13. De troisième part, il ne résulte ni de l'arrêt ni de ses conclusions que la société Chevrolet ait soutenues, devant la cour d'appel, que la nature du contrat de distribution comme contrat d'intérêt commun impliquant une coopération étroite entre les parties en vue de sa bonne exécution jusqu'à son terme, imposait au distributeur de faire preuve d'adaptation dans une conjoncture économique difficile. Le grief de la troisième branche est, dès lors, nouveau et mélangé de fait et de droit.

14. Enfin, l'arrêt retient que la décision de report des commandes clients en cours, prise unilatéralement par la société Chevrolet, a cassé la dynamique des commandes des distributeurs, qui ont été découragés par la société Chevrolet dans sa lettre annonçant la mise en oeuvre de son plan de déstockage. Il retient encore que cette dernière a aggravé la situation de pénurie du réseau en procédant à la vente des 900 véhicules attendus en février 2014 et celle de 700 véhicules dès janvier 2014 et que si les distributeurs pouvaient passer directement leurs commandes à l'usine de Corée, les délais de livraison prolongés de cinq à six mois et les incertitudes sur l'attitude de la société Chevrolet les en ont dissuadés.
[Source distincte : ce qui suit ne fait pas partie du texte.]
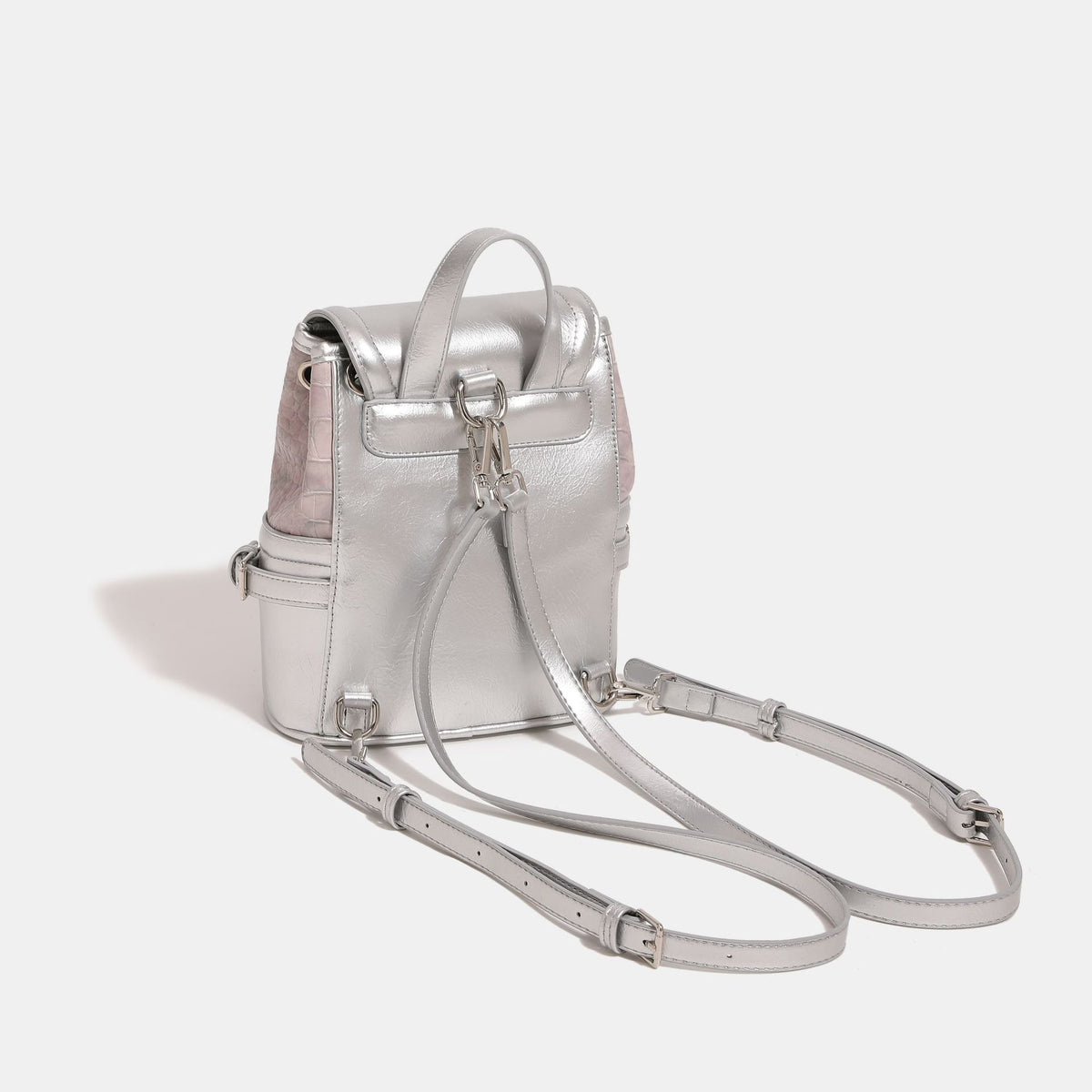 Croc-embossed mini backpack with silver metallic leather-look trim, decorative chain, and metal logo clasp, detail view 3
15. En l'état de ces constatations et appréciations, dont il résulte que le préjudice des distributeurs trouvait sa cause dans les différentes décisions prises par la société Chevrolet qui ont eu pour effet d'épuiser les stocks de véhicules neufs, mais aussi de décourager les commandes nouvelles et de dissuader les distributeurs de passer des commandes directement à l'usine de Corée, c'est sans inverser la charge de la preuve que la cour d'appel a retenu que la société Chevrolet n'avait pas exécuté ses obligations contractuelles durant le préavis et avait, ainsi, rendu impossible la poursuite du contrat.

16. Irrecevables en leurs trois premières branches, les moyens ne sont pas fondés pour le surplus.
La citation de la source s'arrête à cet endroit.